Data extracted from a collection:
....

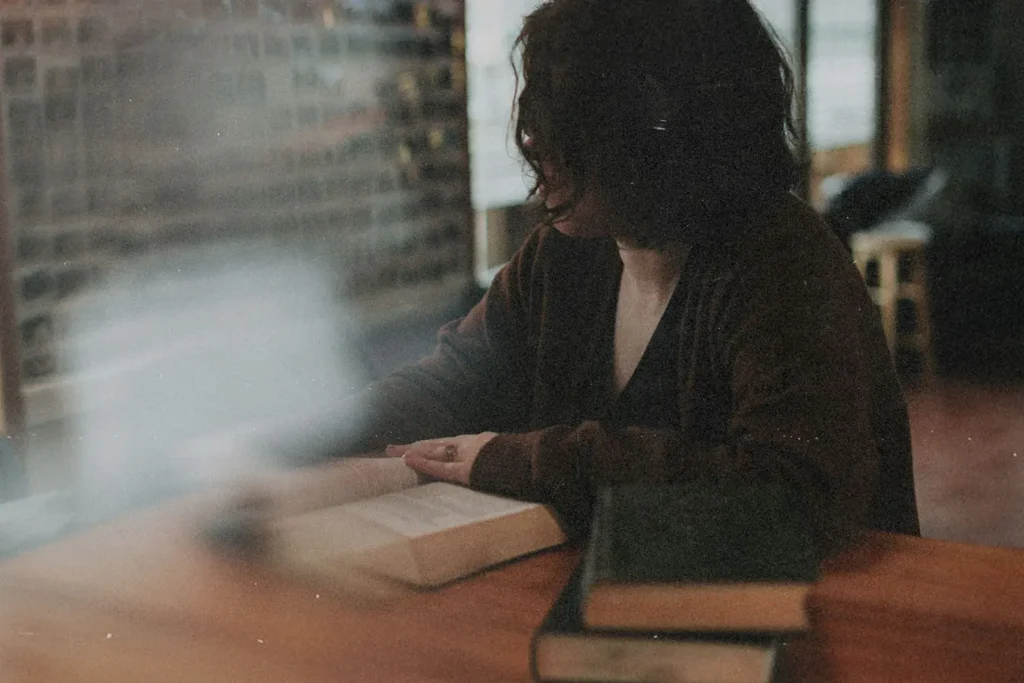 women reading a book at a wooden table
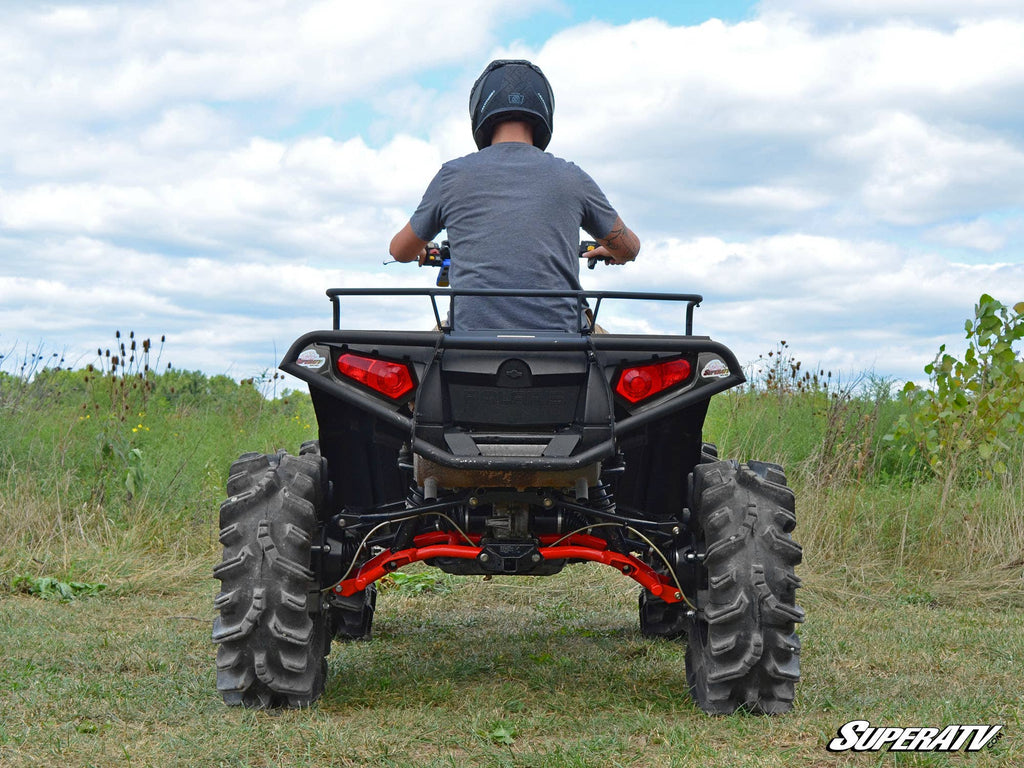 A person in a helmet and gray shirt sits on a black ATV with large rugged tires, red suspension, and rear cargo rack, featuring the Polaris Sportsman XP 4 Portal Gear Lift, in an open grassy field under a partly cloudy sky.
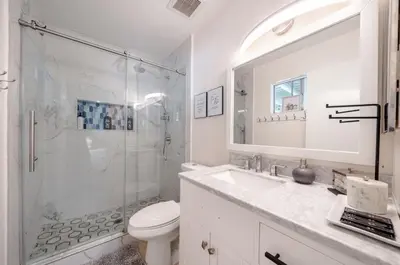 a white bathroom with a sink and a shower at Elegant Retreat w/ Game room in Heart of OC in Midway City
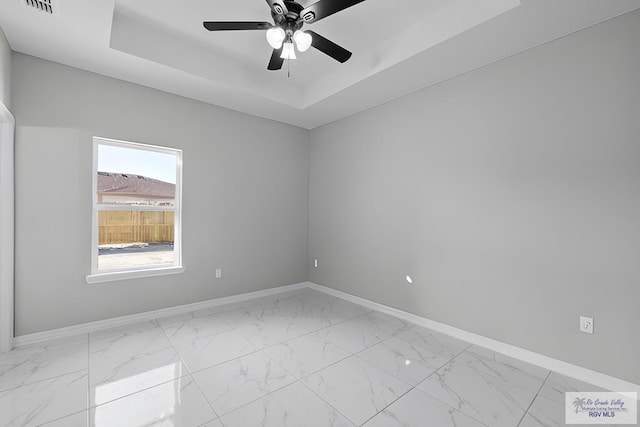 unfurnished room with a raised ceiling and ceiling fan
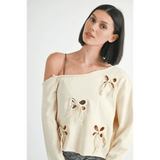 Emory Park Off Shoulder Distressed Top in beige with bow cutout details on long sleeves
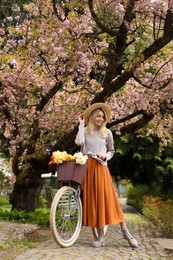 Beautiful young woman with bicycle and flowers in park on pleasant spring day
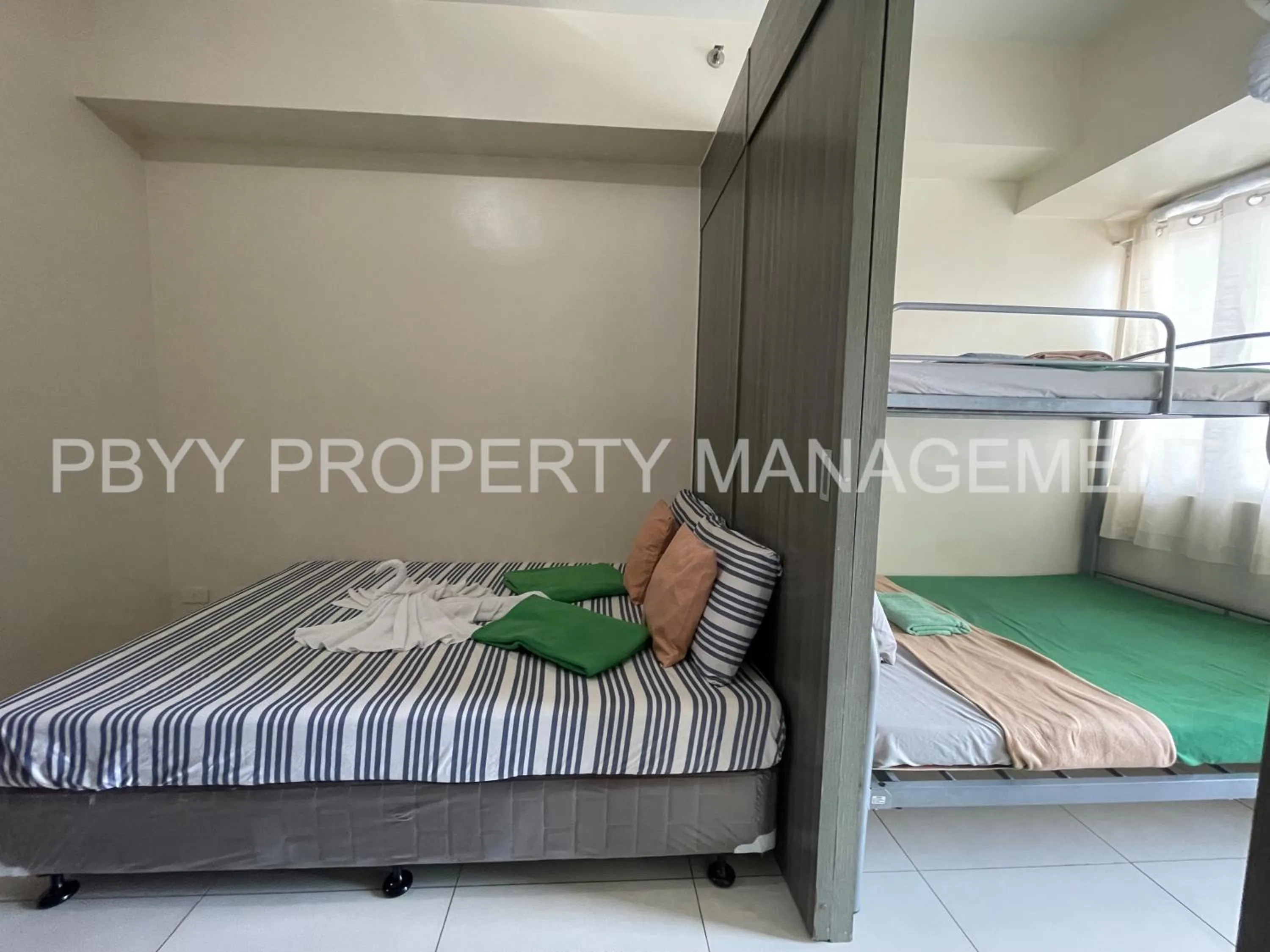 Bed, Bunk Bed in Green Residences Stays by PBYY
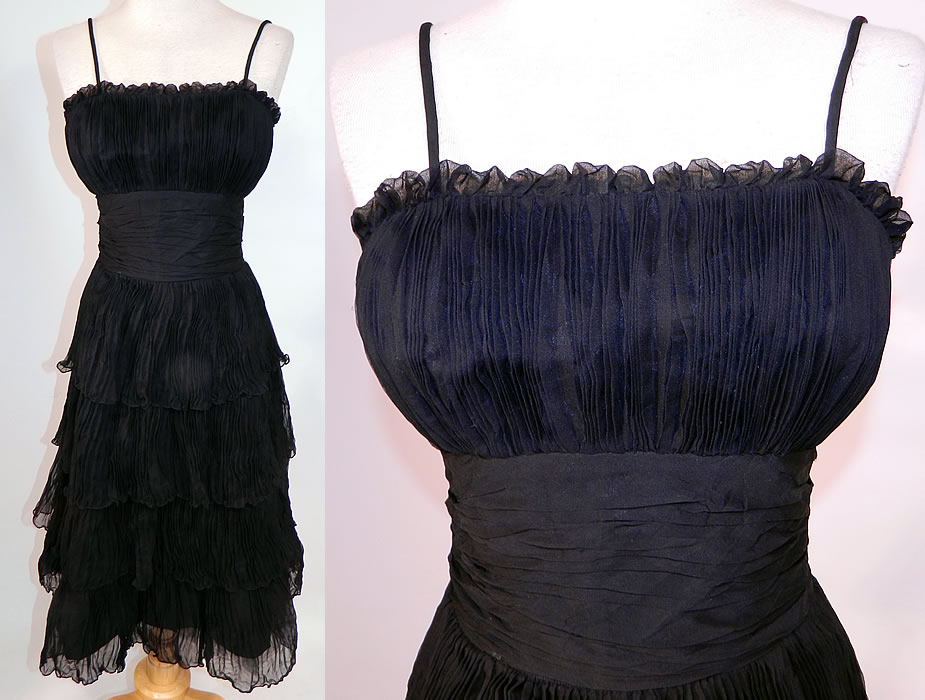 Vintage Suzy Perette NY Label Black Silk Pleated Ruffle Spaghetti Strap Cocktail Dress
This vintage Suzy Perette NY label black silk pleated ruffle spaghetti strap cocktail dress dates from the 1950s. It is made of a black silk fabric, with fine pleated details and ruffle accents.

....

▶ _YOUR TASK_:
Quote only the lines that start at the line holding "Emory Park Off" and end at the last line of the entries, including both of those lines, and omit every picture.

▶ _PROBLEM SOLUTION_:
 Emory Park Off Shoulder Distressed Top in beige with bow cutout details on long sleeves
 Beautiful young woman with bicycle and flowers in park on pleasant spring day
 Bed, Bunk Bed in Green Residences Stays by PBYY
 Vintage Suzy Perette NY Label Black Silk Pleated Ruffle Spaghetti Strap Cocktail Dress
This vintage Suzy Perette NY label black silk pleated ruffle spaghetti strap cocktail dress dates from the 1950s. It is made of a black silk fabric, with fine pleated details and ruffle accents.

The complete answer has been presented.